Unfortunately, don't plan on advancements at anywhere near the rate of CPUs
sticker on the outside of the concrete encased cylinder:
"There are no user serviceable parts inside. Disassembly will void the warranty"
Heck, I'd love to buy one just to stick my finger in the eye of those who want to cover every square inch of "available" land with windmills and solar panels and who think that burning food for power (and using our dwindling fresh water supplies to do so) is a good idea. Take THAT you enviro-weenies!
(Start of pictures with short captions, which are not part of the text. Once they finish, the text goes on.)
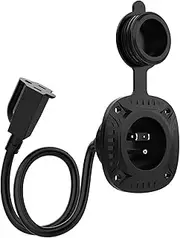 ALAGPNPMZH 13Amp 125V Upgraded RV AC Plug Port with 16" Integrated Extension Cord & Water-Resistant Cap AC Power Supply Plug Port Metal Wire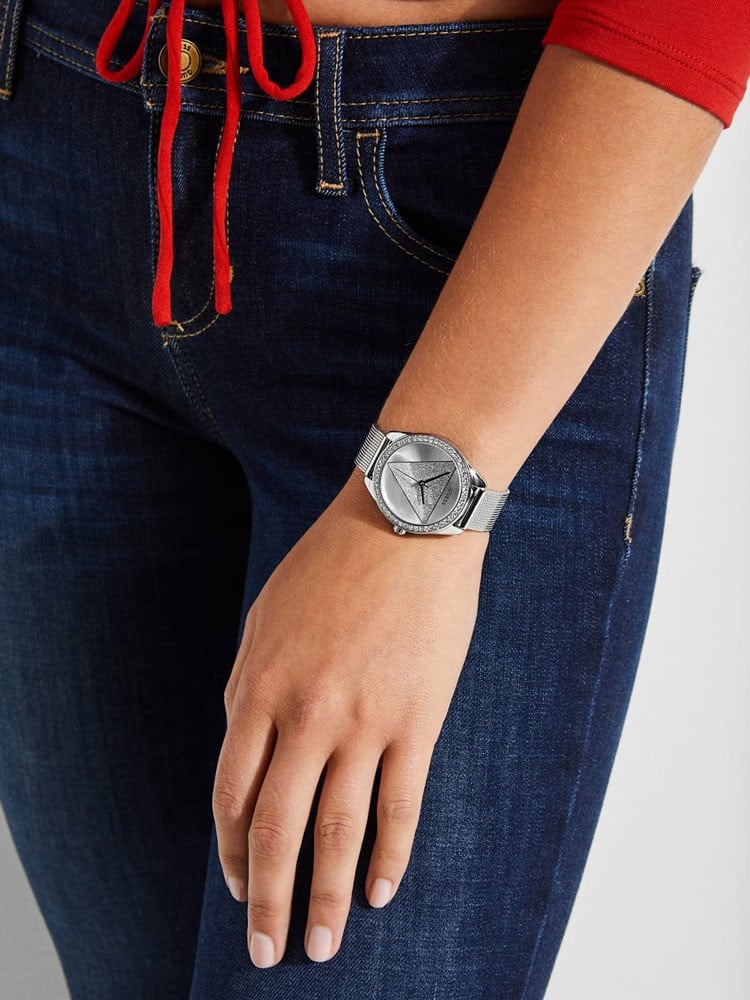 Guess Tri Glitz Quartz Silver Dial Silver Mesh Bracelet Watch For Women - W1142L1
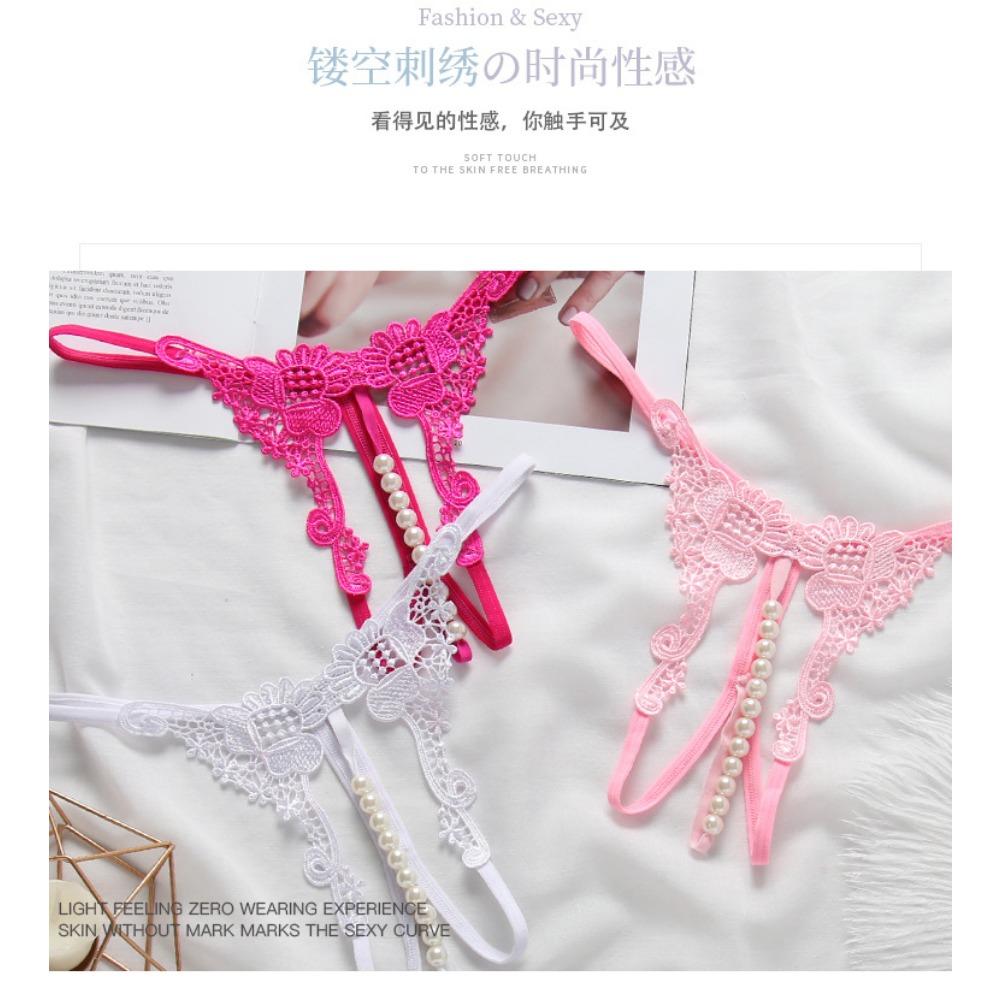 Stylish Transparent Embroidered Sexy Women's Panties Hollow Pearl Massage Open Crotch T Pants Low Waist Thong 2200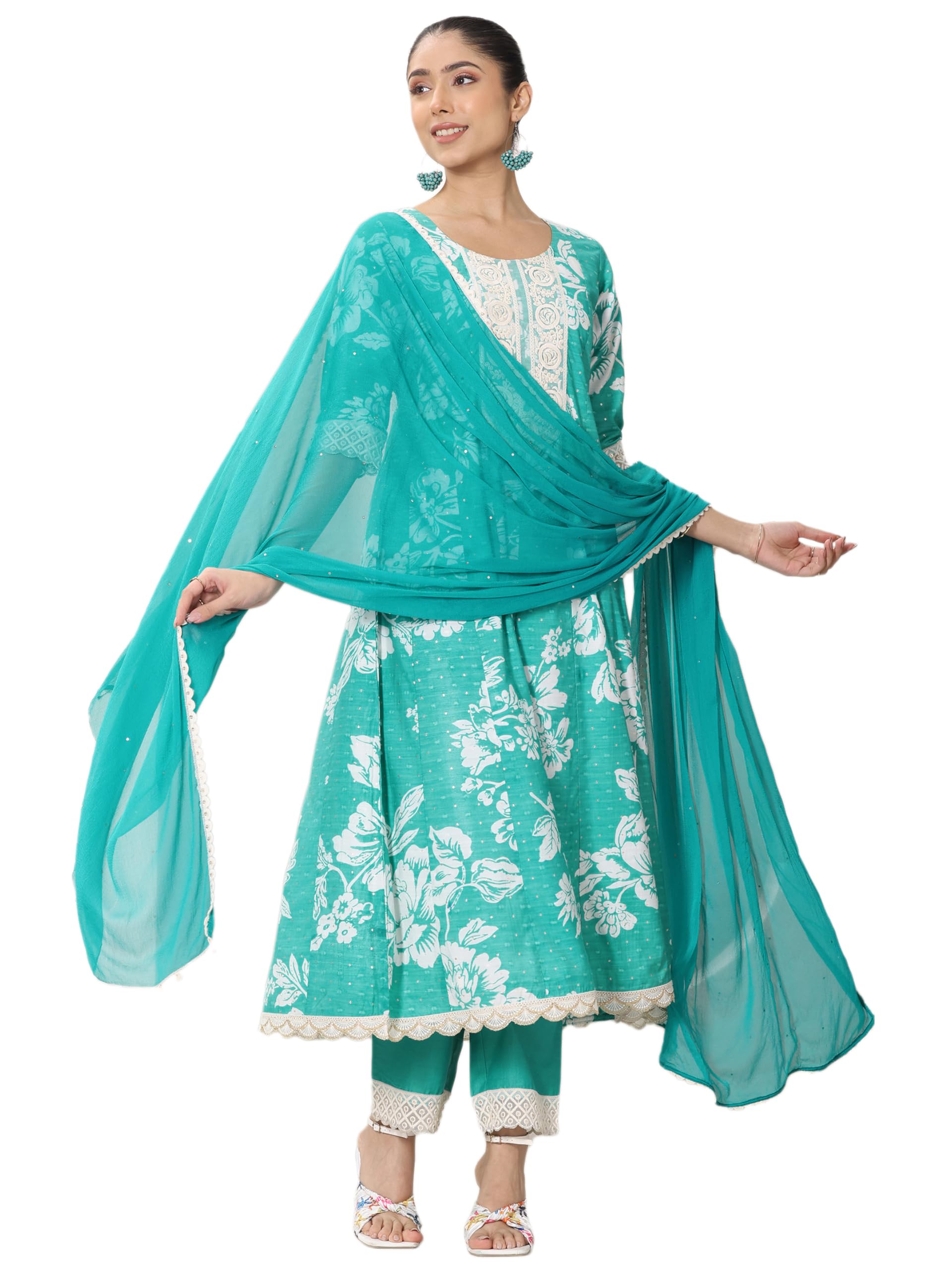 Blue Floral Printed Panelled Anarkali Kurta With Solid Trouser And Chiffon Dupatta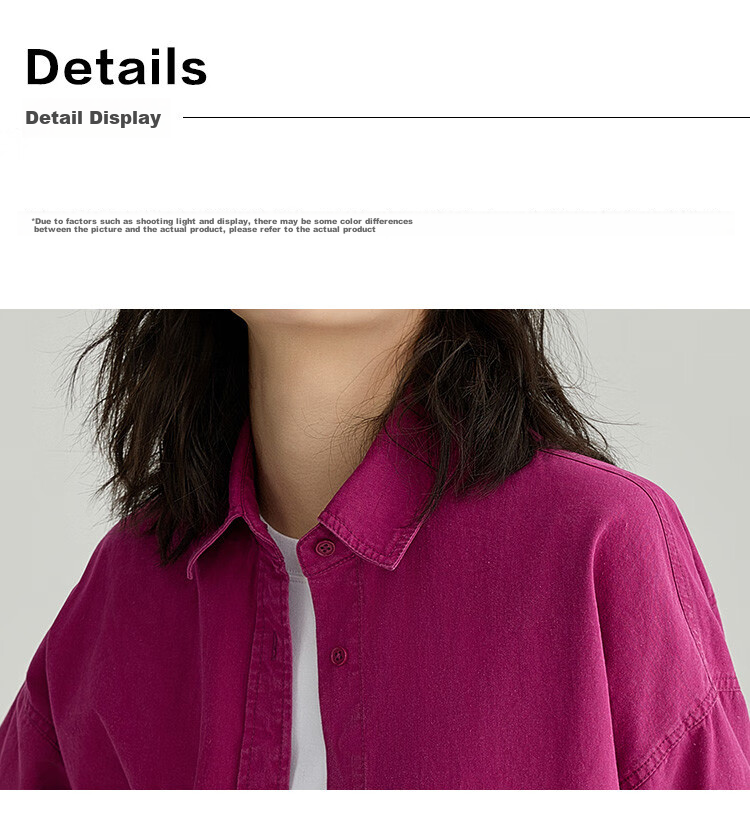 Dme Vintage Washed Spring Elegant Magenta Loose Fit Turndown Collar Long Sleeve Blouse for Women, Purple-Red, Size M 16
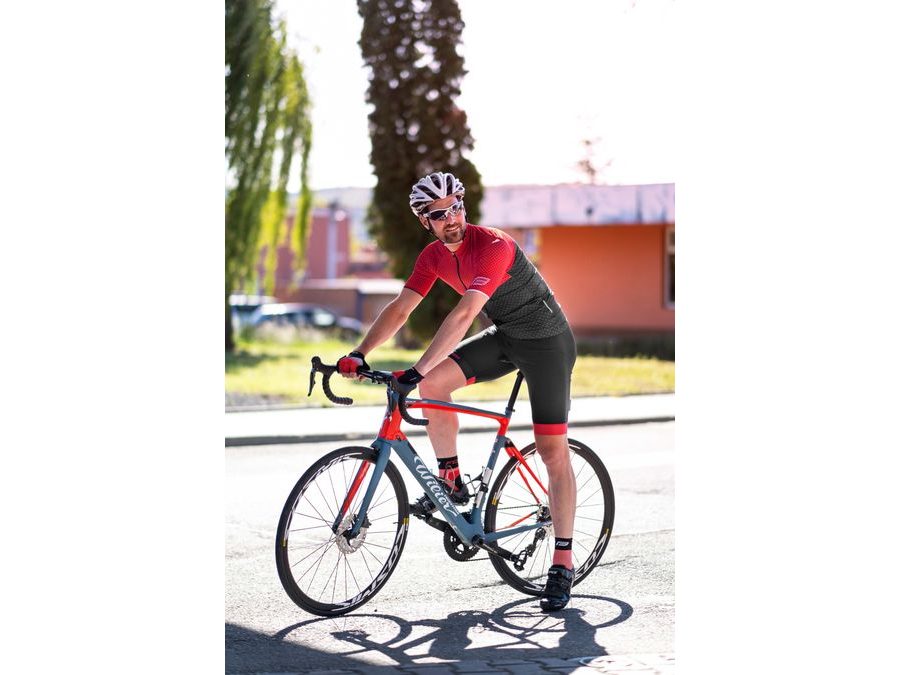 Pánský dres s krátkým rukávem FORCE POINTS, červeno-černý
We can power our homes without polluting the environment, shutting down everything but a tiny 5 watt bulb in the room where we're trying to work, and still have enough power left over to generate hydrogen for our non-polluting cars and other equipment!
Why the heck are we screwing around with "alternative energy solutions" which are at best reliant upon constantly changing conditions when we have cheap, reliable, non-polluting solutions available RIGHT NOW?
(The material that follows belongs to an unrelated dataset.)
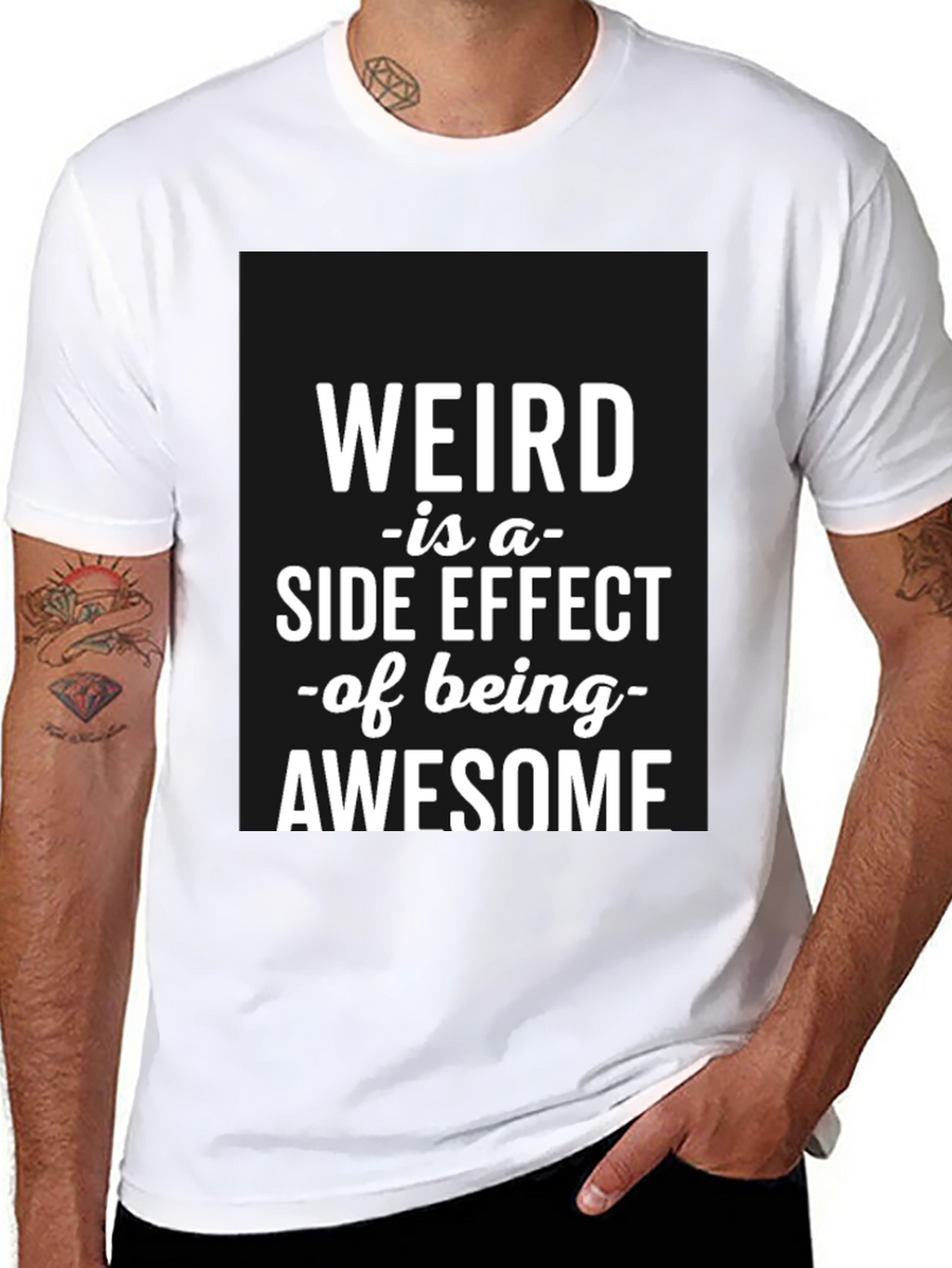 Weird Awesome Black T-Shirt for Men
"Why the heck are we screwing around with "alternative energy solutions" which are at best reliant upon constantly changing conditions when we have cheap, reliable, non-polluting solutions available RIGHT NOW?"
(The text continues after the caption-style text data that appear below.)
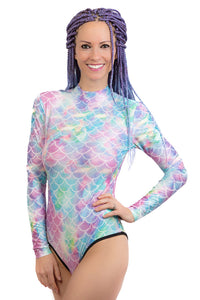 Swimsuit with a Scale Pattern and Long Sleeves in black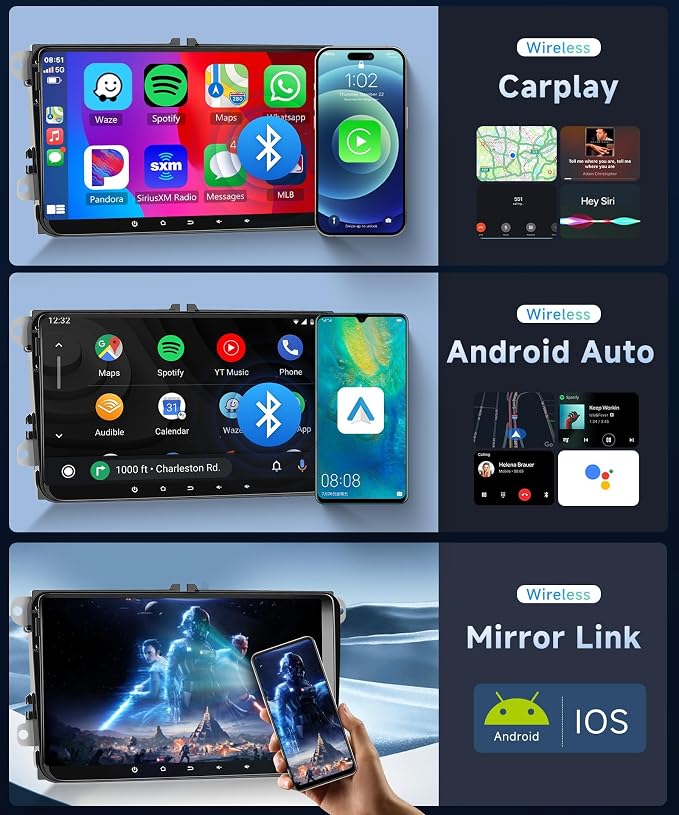 4+64G Android Car Radio Stereo with Wireless Carplay for VW Passat Tiguan Golf MK5 MK6 Jetta Skoda Seat Polo 9 Inch Capacitive Touch Screen Android Auto GPS Navigation Bluetooth FM GPS Radio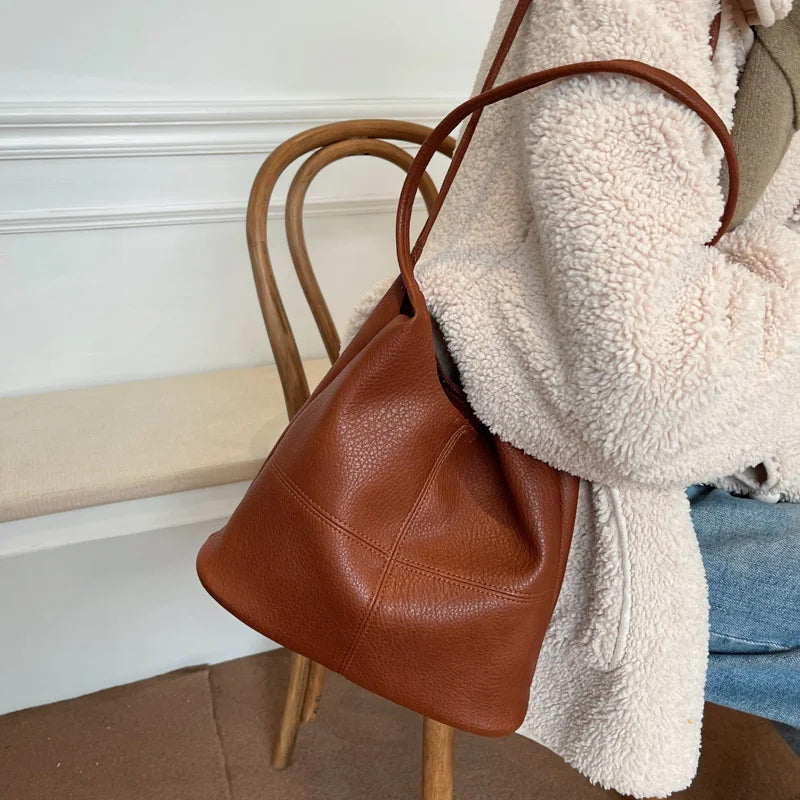 Vintage Women Hobo Bags High Soft Leather Bucket Bag Casual Patchwork Handbag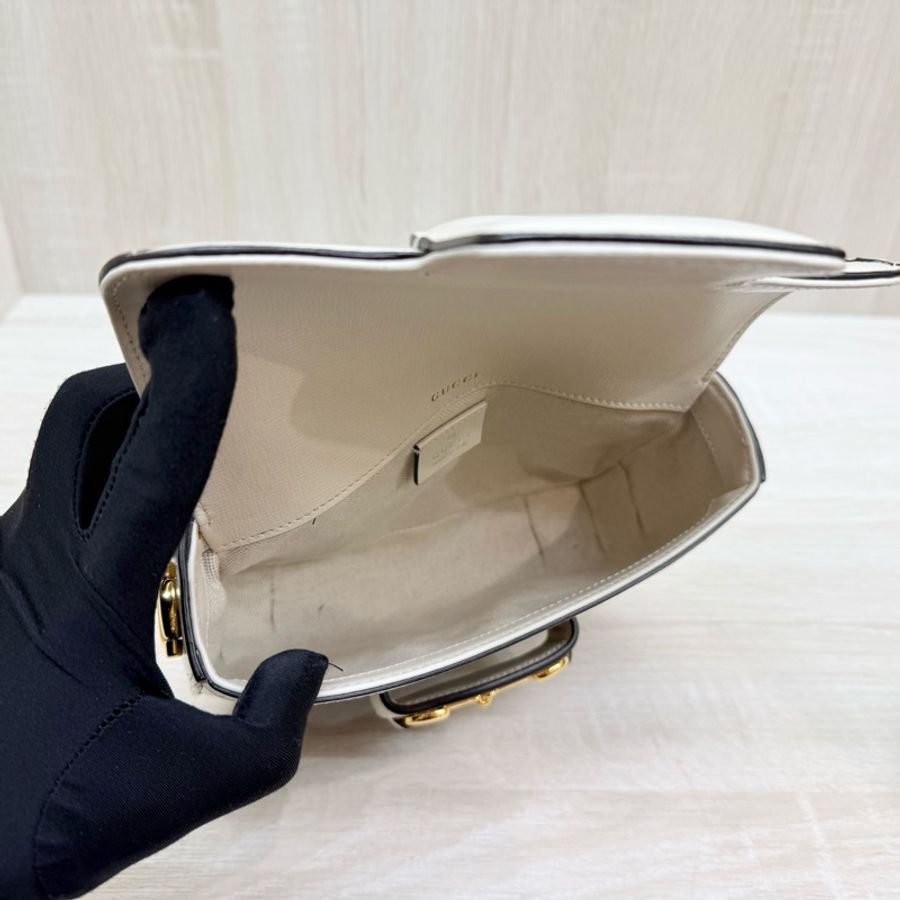 Gucci白色原花1955Horsebit雙背帶側背包658574-12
Because those cheap, reliable, non-polluting solutions don't advance statist, neo-Luddite political agendas?
I would suspect that all of us here will be pushing up daisies before the first one of these makes it through the regulations and court challenges and is allowed to be set up in this country.
I want one.
Me too. Makes it a lot harder to cut off the power to a, um, recalcitrant neighborhood. :-)
"few countries are expected to object to plants on their territory"
You can bet Greenpeace will still be screaming at the top of their lungs about how evil this is...
They could be using Stirling engine to convert heat into power. There is a lot of research going into Stirling engines at the moment.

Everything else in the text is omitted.